L'application Google Earth a facilité le travail quotidien de notre équipe sur le terrain. Elle permet de suivre une quantité importante de données spatiales en les rendant accessibles à un grand nombre de personnes d'horizons différents. Voici quelques-uns des enseignements que nous avons tirés de ce projet :

  • Utilisez plusieurs niveaux de dossiers pour organiser vos données.
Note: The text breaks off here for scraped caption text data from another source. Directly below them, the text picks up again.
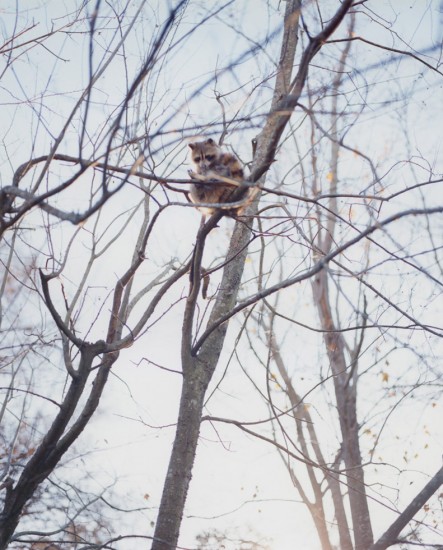 Click for sizes / editions / prices. Racoon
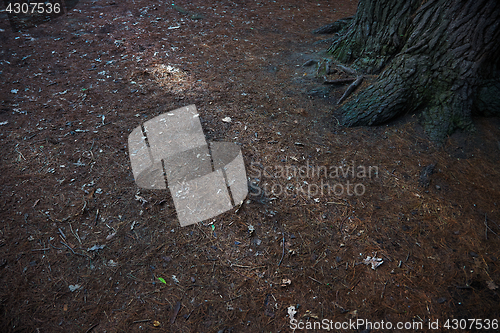 Image of Roots of the pine tree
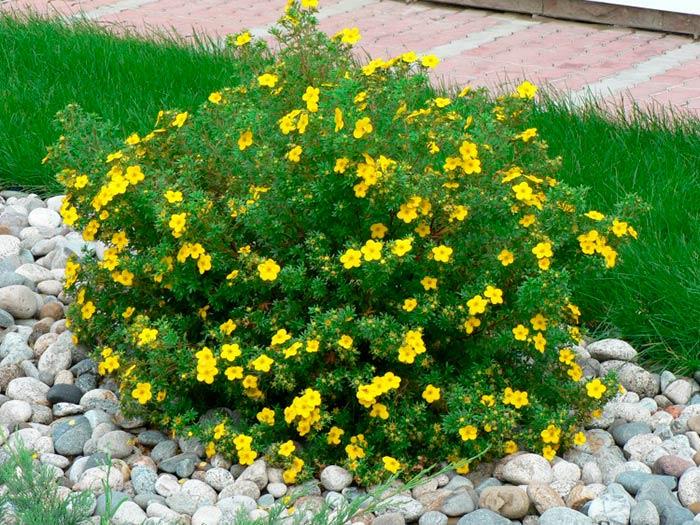 ไซบีเรียนและคูริล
Si vous souhaitez suivre des centaines de points, de chemins et de polygones, cela vous permettra de tout organiser et de raccourcir la barre de défilement de la fenêtre lorsque vous développerez des dossiers.

  • Importez des icônes personnalisées pour repérer les points proches les uns des autres si les icônes Google Earth standards sont trop grandes et trop nombreuses.

  • Google Earth Pro offre d'excellentes fonctionnalités, comme la possibilité de dessiner des polygones et d'importer des fichiers de forme, mais d'autres versions permettent aussi d'effectuer un grand nombre des actions décrites ci-dessus.

  • Découvrez les programmes tiers permettant d'importer et d'exporter des fichiers KML. MacGPS Pro et KMLer sont des programmes simples et peu onéreux qui nous ont aidés à gérer les données, mais il en existe beaucoup d'autres.

  • Ne craignez pas de placer des points, de les enregistrer au format KML et d'envoyer le fichier par e-mail à vos collègues lorsque vous essayez de décrire des emplacements sur le terrain.

Pour résumer, si vous n'avez encore jamais utilisé de logiciels de cartographie, vous ne trouverez pas de méthode de gestion et de partage de vos données spatiales plus simple que celle-ci. Si vous avez l'habitude d'utiliser des plates-formes SIG plus traditionnelles, je vous recommande d'essayer Google Earth pour accélérer l'affichage et le partage de vos données.

Dans cette vidéo, découvrez comment le groupe de chercheurs a documenté les transects à l'aide de Google Earth.

Impact

Google Earth nous a été extrêmement utile pour nos recherches, et nous l'avons utilisé au quotidien. Son principal avantage, c'est qu'il peut être facilement utilisé par plusieurs personnes, y compris des étudiants en licence et des bénévoles. De plus, l'utilisation de fichiers KML a permis à l'équipe d'échanger facilement des données entre les systèmes d'exploitation Mac et PC. Ce système offre également une certaine souplesse, car il permet d'imprimer rapidement des cartes et des photos, et de transférer le nombre croissant de points de cheminement depuis et vers les différents GPS.

Le fichier KML Bristlecone Pine Research permet au grand public d'explorer la région des White Mountains et de découvrir ses arbres uniques.